Serenity Sentinel in Southeast DC

Serenity Sentinel in Southeast DC
April 01, 2012

In Washington, D.C., the phrase “East of the River” is a common reference to Anacostia, a historic neighborhood that has been associated with low-income housing, poverty, and the highest homicide rates in the city. But in recent years the community has seen a resurgence of businesses, restaurants, and—thanks to the efforts of alumna Sariane Leigh, MA ’09—health and wellness initiatives.

“Anacostia gets a bad rap,” said Leigh, who moved to Anacostia when she enrolled in Columbian College’s Women’s Studies Master’s Program. “Yes, the area lacks services, but residents truly care and look out for each other.”

In pursuing her master’s degree, Leigh focused on the impact of social issues on women and the modern family. She wrote her thesis on how women in Sierra Leone use spirituality as a tool for recovery from war-related trauma—a theory she put to practical use when she lost her mother to diabetes in 2003 and began practicing yoga to combat her grief.

Upon graduating from GW, Leigh was motivated to pursue a path of action that matched her personal passions and professional goals. She focused her attention on the Anacostia community, where she recognized there was a great deal of discussion about the neighborhood’s community health issues, but a lack of services to solve those problems.

“After reading the dismal statistics about pollution in the Anacostia River, women and HIV, the obesity rates, and the income disparities, I couldn't find any resources for the everyday resident on how to prevent these problems,” said Leigh. “I was inspired to put health on the table.”

In 2009, she began teaching free yoga classes at Anacostia community centers, such as Covenant House, Barry Farms Recreation, and Health Exercise Attitude Training (H.E.A.T.) Haven. She later earned her certification as a Pilates instructor and expanded her course offerings to the Hillcrest Recreation and Spirit Anacostia. Her blog, Anacostia Yogi, provides information about wellness programs, yoga classes in Anacostia, and opportunities for the public to volunteer and support yoga and health programs.

“The community wants more than the standard colorful health pamphlets and one day workshops,” said Leigh. “Regular yoga classes, healthy cooking classes, and honest conversations about health have helped ignite change from the inside out.”

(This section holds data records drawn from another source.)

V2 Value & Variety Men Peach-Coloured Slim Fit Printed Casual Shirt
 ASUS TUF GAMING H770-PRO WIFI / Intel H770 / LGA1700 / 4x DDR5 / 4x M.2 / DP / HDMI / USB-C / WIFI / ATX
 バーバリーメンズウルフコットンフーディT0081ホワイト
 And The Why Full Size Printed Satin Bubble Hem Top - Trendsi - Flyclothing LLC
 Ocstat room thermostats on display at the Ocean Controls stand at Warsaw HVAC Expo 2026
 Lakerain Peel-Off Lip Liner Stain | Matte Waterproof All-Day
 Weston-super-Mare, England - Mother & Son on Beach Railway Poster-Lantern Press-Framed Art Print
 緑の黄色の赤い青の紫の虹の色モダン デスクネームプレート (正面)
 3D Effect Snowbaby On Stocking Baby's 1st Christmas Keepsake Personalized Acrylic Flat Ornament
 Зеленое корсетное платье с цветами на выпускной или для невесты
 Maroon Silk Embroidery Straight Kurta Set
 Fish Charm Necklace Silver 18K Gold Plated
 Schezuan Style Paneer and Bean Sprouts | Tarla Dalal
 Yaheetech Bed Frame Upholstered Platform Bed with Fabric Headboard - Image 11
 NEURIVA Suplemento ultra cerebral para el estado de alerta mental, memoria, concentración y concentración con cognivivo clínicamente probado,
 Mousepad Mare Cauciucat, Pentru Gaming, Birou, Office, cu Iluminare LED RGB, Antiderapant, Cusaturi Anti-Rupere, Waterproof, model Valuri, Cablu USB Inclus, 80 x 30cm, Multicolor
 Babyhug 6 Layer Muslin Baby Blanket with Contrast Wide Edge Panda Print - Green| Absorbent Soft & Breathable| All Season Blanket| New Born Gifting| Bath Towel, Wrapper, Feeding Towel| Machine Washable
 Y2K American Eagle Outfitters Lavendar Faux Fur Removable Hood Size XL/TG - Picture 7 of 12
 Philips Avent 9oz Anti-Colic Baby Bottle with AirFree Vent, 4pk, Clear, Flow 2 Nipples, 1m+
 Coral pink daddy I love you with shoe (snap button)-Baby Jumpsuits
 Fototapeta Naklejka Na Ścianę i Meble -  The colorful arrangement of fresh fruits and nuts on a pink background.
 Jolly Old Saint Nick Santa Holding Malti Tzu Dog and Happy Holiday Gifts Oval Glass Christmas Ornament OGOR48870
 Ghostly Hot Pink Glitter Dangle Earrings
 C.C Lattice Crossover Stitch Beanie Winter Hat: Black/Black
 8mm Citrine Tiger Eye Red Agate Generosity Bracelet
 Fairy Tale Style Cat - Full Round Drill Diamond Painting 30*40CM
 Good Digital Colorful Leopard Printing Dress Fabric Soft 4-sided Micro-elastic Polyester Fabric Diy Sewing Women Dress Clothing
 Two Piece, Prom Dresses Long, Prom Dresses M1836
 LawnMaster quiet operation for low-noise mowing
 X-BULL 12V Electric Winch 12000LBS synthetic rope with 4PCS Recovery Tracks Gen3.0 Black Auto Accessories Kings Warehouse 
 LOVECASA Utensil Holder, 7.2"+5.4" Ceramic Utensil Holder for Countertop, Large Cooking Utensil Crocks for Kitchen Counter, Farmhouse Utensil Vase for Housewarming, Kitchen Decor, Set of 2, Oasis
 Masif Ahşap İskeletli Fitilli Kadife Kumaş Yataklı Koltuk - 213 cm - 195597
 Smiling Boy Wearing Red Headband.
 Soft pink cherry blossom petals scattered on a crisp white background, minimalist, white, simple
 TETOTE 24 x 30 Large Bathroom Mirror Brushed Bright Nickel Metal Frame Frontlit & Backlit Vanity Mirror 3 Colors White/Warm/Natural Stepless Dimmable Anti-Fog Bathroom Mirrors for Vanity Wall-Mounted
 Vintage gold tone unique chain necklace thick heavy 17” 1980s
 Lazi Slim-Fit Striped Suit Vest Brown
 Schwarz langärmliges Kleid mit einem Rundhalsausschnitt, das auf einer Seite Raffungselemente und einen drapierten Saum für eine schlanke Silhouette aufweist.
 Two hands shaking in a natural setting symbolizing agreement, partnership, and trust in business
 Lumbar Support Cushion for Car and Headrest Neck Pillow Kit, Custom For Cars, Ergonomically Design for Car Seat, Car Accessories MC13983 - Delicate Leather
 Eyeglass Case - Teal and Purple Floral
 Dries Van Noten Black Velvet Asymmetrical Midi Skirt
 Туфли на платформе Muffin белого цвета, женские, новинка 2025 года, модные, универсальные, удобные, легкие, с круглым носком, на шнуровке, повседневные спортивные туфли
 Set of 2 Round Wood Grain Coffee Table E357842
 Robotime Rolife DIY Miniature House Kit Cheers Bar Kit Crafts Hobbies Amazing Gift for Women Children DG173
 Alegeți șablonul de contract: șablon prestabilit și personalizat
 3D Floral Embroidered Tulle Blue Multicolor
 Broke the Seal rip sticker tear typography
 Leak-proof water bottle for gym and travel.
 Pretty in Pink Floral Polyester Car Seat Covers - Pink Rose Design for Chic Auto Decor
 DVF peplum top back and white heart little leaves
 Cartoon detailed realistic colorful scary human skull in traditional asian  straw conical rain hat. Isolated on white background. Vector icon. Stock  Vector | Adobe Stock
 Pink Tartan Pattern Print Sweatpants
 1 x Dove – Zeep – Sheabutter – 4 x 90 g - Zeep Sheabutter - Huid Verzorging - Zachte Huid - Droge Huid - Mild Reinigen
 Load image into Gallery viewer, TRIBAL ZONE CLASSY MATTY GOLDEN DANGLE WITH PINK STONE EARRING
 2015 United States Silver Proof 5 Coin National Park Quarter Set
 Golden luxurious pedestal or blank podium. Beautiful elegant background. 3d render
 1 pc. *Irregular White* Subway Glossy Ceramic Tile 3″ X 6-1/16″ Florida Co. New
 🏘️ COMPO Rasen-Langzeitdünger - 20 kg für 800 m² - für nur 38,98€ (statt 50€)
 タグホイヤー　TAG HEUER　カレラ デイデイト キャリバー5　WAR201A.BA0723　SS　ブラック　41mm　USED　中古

Beyond teaching, Leigh plans to expand her philosophy and success with Anacostia Yogi. She is currently developing a social entrepreneurial venture that will bring innovative health programming to communities similar to Anacostia—including the Bronx, Oakland, and the Southside of Chicago—where low-income women face the same health challenges.

“Using a culturally customized health approach works,” said Leigh. “We see measurable change in our community and I want to expand that. Blogging and teaching yoga is an easy, affordable and accessible way to share information about preventive health services. All it takes is one nail to start building a house!”